La positivité des anticorps (Ac) anti-ADN natif constitue l’un des critères diagnostiques du lupus érythémateux systémique (LES). Toutefois, il n’existe pas de consensus quant à la technique à utiliser pour leur détection. Une stratégie séquentielle peut être adoptée en utilisant la technique enzyme-linked immunosorbent assay (ELISA) en premier lieu et la technique d’immunofluorescence indirecte (IFI) sur Crithidia luciliae (Cl) en cas de positivité des Ac anti-ADN natif par ELISA. L’objectif de notre étude était d’évaluer l’intérêt de la combinaison de ces deux techniques de détection des Ac anti-ADN natif pour le diagnostic de LES.

Nous avons mené une étude rétrospective concernant les demandes de recherche des Ac antinucléaires (AAN) adressées à notre laboratoire durant une période de 4ans. En cas de dépistage positif des AAN (par IFI sur cellules Hep-2), la recherche des Ac anti-ADN natif a été faite par ELISA et par IFI-Cl si le test ELISA était positif. Une recherche des autres spécificités antigéniques des AAN a été faite par immunodot (Euroline ANA profile 3 plus DFS70). Nous avons inclus dans cette étude les patients ayant des taux ELISA d’Ac anti-ADN natif entre 100 UI/mL (seuil de positivité) et 800 UI/mL (limite supérieure de quantification) et dont les renseignements cliniques étaient disponibles. L’analyse statistique a été faite en utilisant le logiciel SPSS.

Soixante-neuf patients (60 femmes et 9 hommes) ont été inclus. Le diagnostic de LES a été retenu chez 51 patients soit une valeur prédictive positive des Ac anti-ADN natif par ELISA de 74 %. Le résultat de l’IFI-Cl était concordant (ELISA+/IFI-Cl+) dans 36 cas (52,2 %). Le diagnostic de LES était significativement plus fréquent chez les patients avec IFI-Cl+ (32/36 ; 88,9 %) par rapport à ceux avec IFI-Cl- (19/33 ; 57,6 %) (p=0,003). Le taux moyen des Ac anti-ADN natif par ELISA était de 388 UI/mL chez les patients lupiques et de 258 UI/mL chez les patients non-lupiques (p=0,024).
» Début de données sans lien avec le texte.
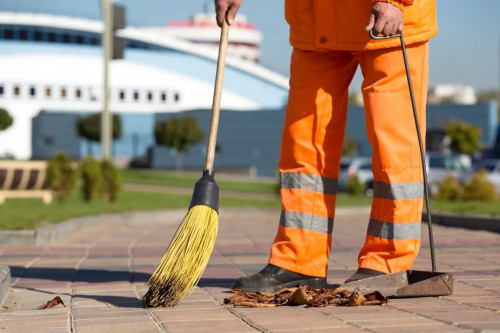 Almatyda kommýnaldyq qyzmetkerlerdiń eńbekaqysy eki ese artty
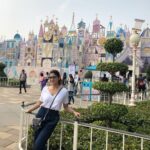 Shamita Shetty Instagram - Fun times ❤️ #disneyland #familytime #hongkongdiaries #munkiandtunki #instagood #instapic #traveldiaries #fun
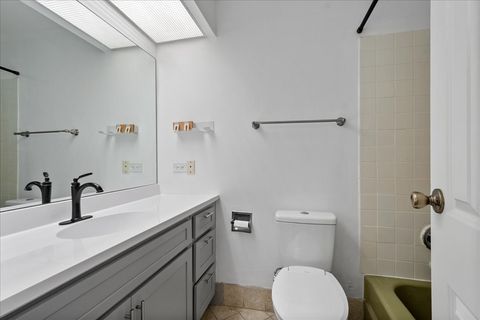 Tiny photo for 7141 N Kedzie Avenue #406, Chicago, IL 60645 (MLS # 12461950)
Cependant, l’association entre le diagnostic de LES et le taux des Ac anti-ADN natif par ELISA n’a pas été confirmée lors de l’analyse multivariée (incluant le taux d’ELISA et le statut d’IFI-Cl), contrairement à l’association entre le diagnostic de LES et le statut des Ac anti-ADN natif par IFI-Cl (p=0,032). En outre, pour les patients inclus, il n’y avait pas d’association entre le sexe et le diagnostic de LES (p=0,179). Ce diagnostic était significativement plus fréquent pour des titres d’AAN plus élevés (p=0,035). Les aspects de fluorescence nucléaire observés étaient l’aspect moucheté dans 53 cas, homogène dans 12 cas, nucléolaire dans 1 cas et moucheté nucléolaire dans 3 cas. Bien qu’aucune association significative n’ait été observée entre l’aspect des AAN et le diagnostic de LES, l’aspect homogène était associé à un titre d’ELISA plus élevé (521 UI/mL versus 314 UI/mL, p=0,002) et tendait vers une association avec la positivité de l’IFI-Cl (p=0,081). Concernant les autres spécificités antigéniques des AAN, le diagnostic de LES était associé à la positivité des Ac anti-nucléosomes (p=0,01), anti-SSA (p=0,002), anti-Ro52 (p=0,037), anti-RNP (p=0,004), anti-Sm (p=0,025) et anti-ribosomes (p=0,012).

Notre étude montre une discordance entre les résultats de l’ELISA et de l’IFI-Cl pour la détection des Ac anti-ADN natif dans 47,8 % des cas (pour des taux d’Ac par ELISA compris entre 100 et 800 UI/mL). L’ELISA est une technique plus sensible alors que l’IFI-Cl est plus spécifique ce qui justifie cette stratégie de détection séquentielle. Le diagnostic du LES semble plus plausible en présence d’une positivité de l’IFI-Cl et serait indépendant du taux de positivité de l’ELISA. Par ailleurs, l’interprétation des résultats de recherche des Ac anti-ADN natif doit tenir compte des limites de chaque technique, du résultat de dépistage des AAN (titre et aspect), des autres spécificités d’AAN associées ainsi que du contexte clinique.